## Work instruction
Of the entries below, repeat exactly only those lines from the one containing "Screenshot stránky stoacamping.no" through the last line, with pictures omitted.

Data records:
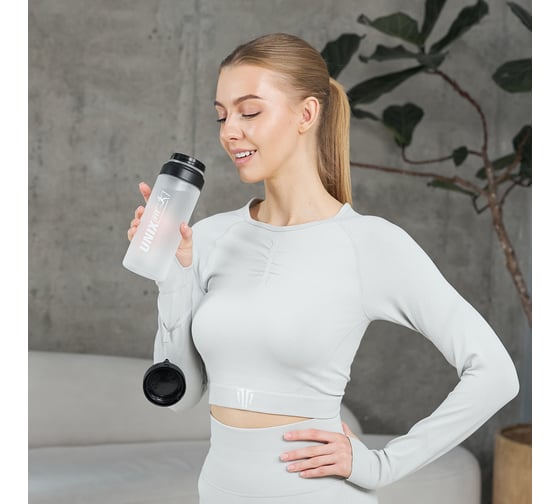 Спортивная бутылка для воды UNIXFIT Standart, 600 мл, черный BTL600BL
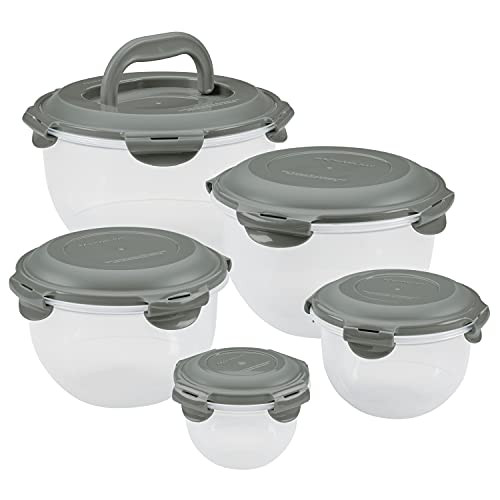 Rachael Ray 10-Piece Leak-Proof Nestable Container Food Storage Bin Set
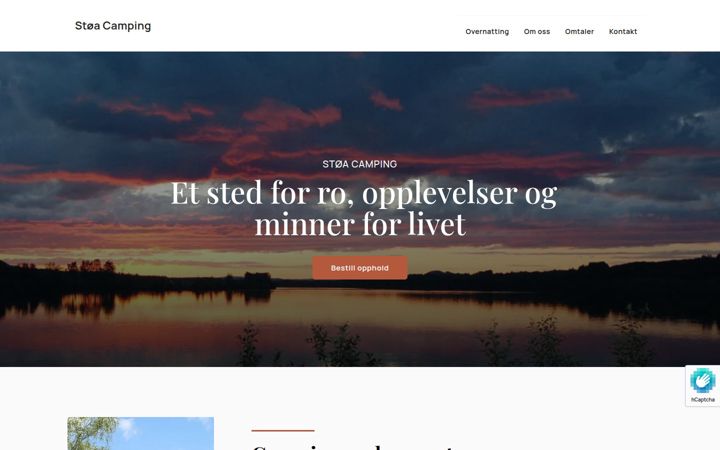 Screenshot stránky stoacamping.no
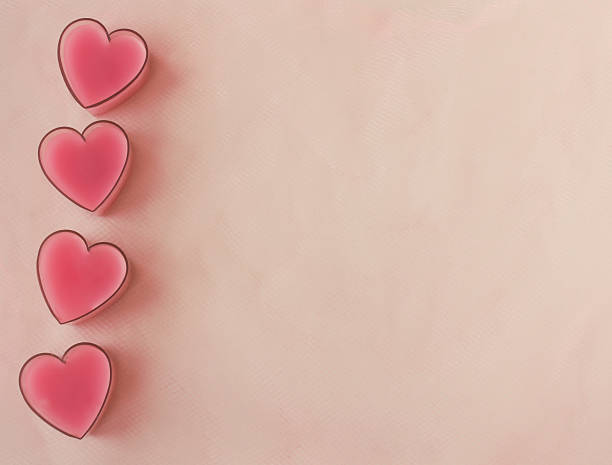 istock Card with four pink hearts 154122123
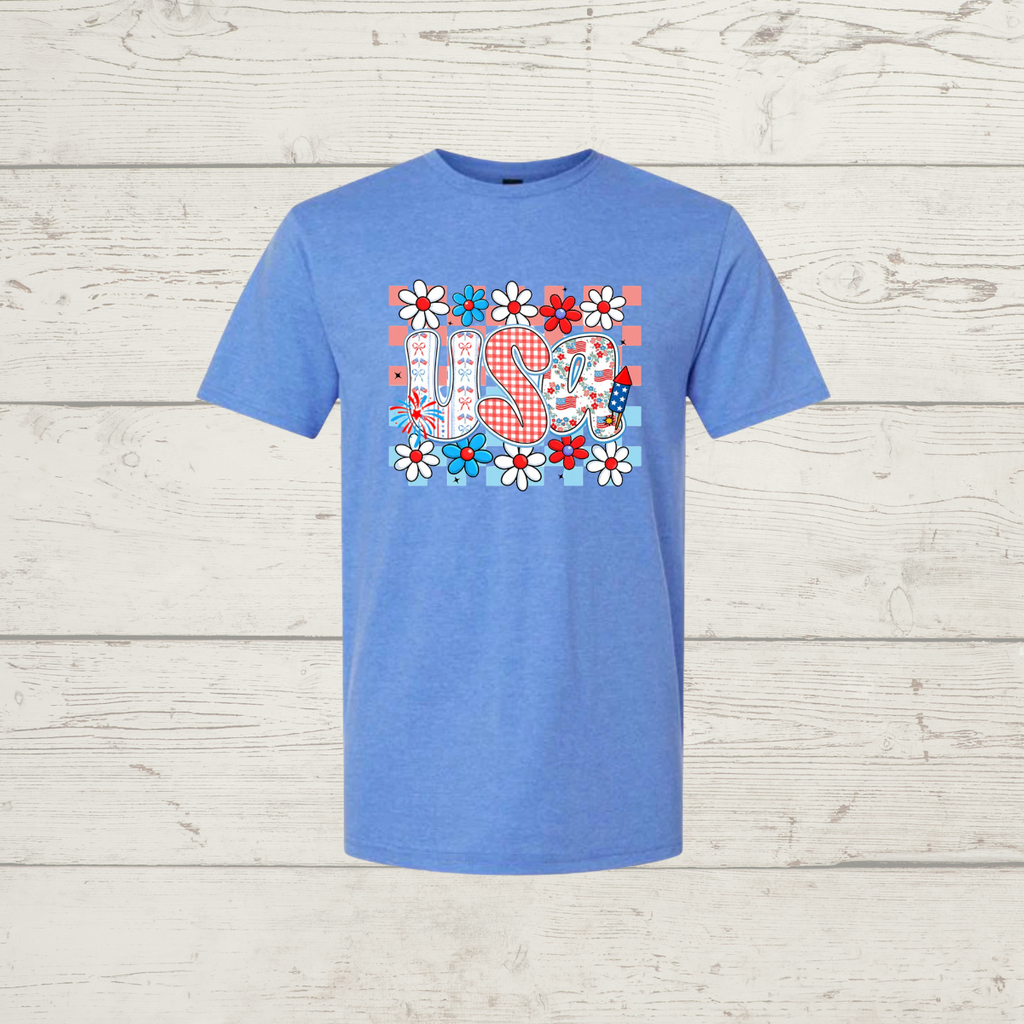 USA patriotic flowers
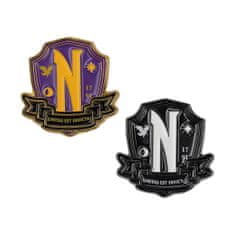 Grooters Sada odznaků Wednesday - Nevermore Academy
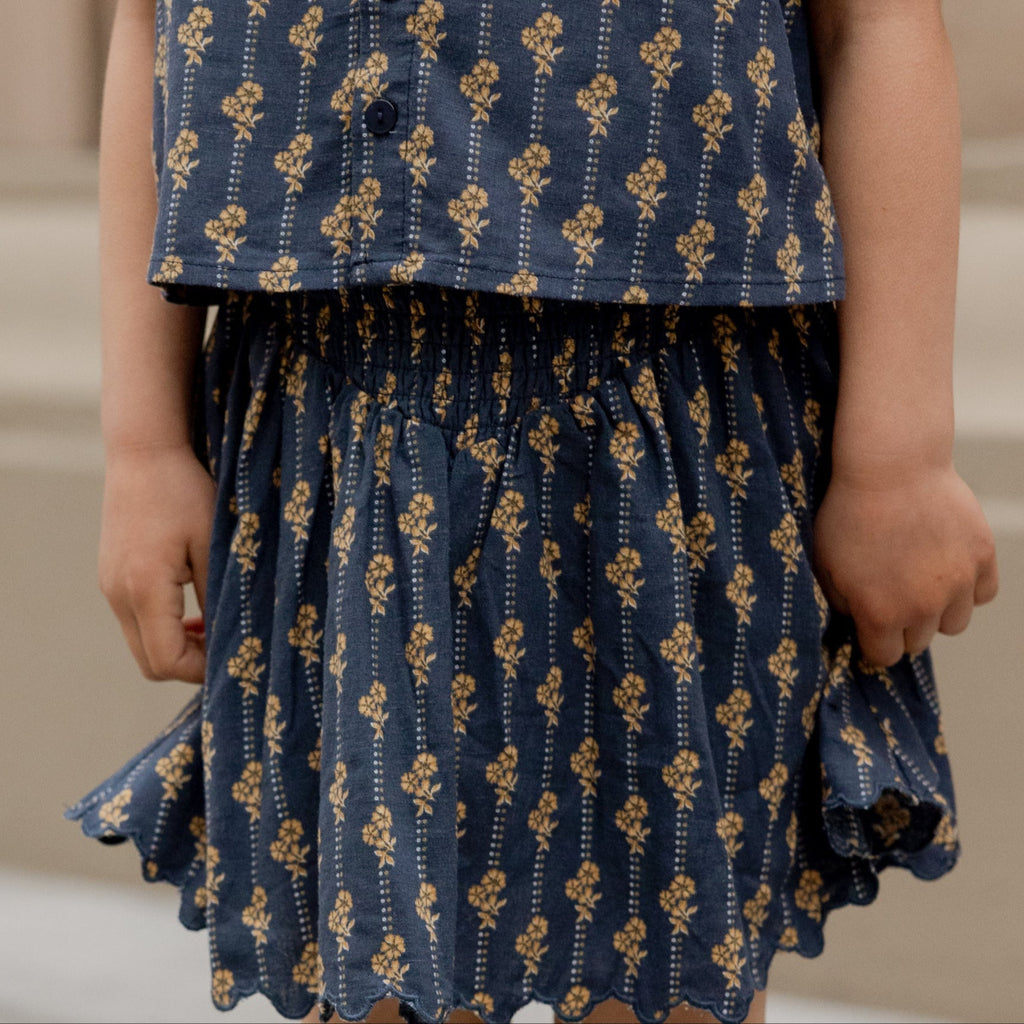 Smocked Vintage Bloom Skirt - Little Kinfolk Boutique | Children's Clothing Regina, SK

## Task result
 Screenshot stránky stoacamping.no
 istock Card with four pink hearts 154122123
 USA patriotic flowers
 Grooters Sada odznaků Wednesday - Nevermore Academy
 Smocked Vintage Bloom Skirt - Little Kinfolk Boutique | Children's Clothing Regina, SK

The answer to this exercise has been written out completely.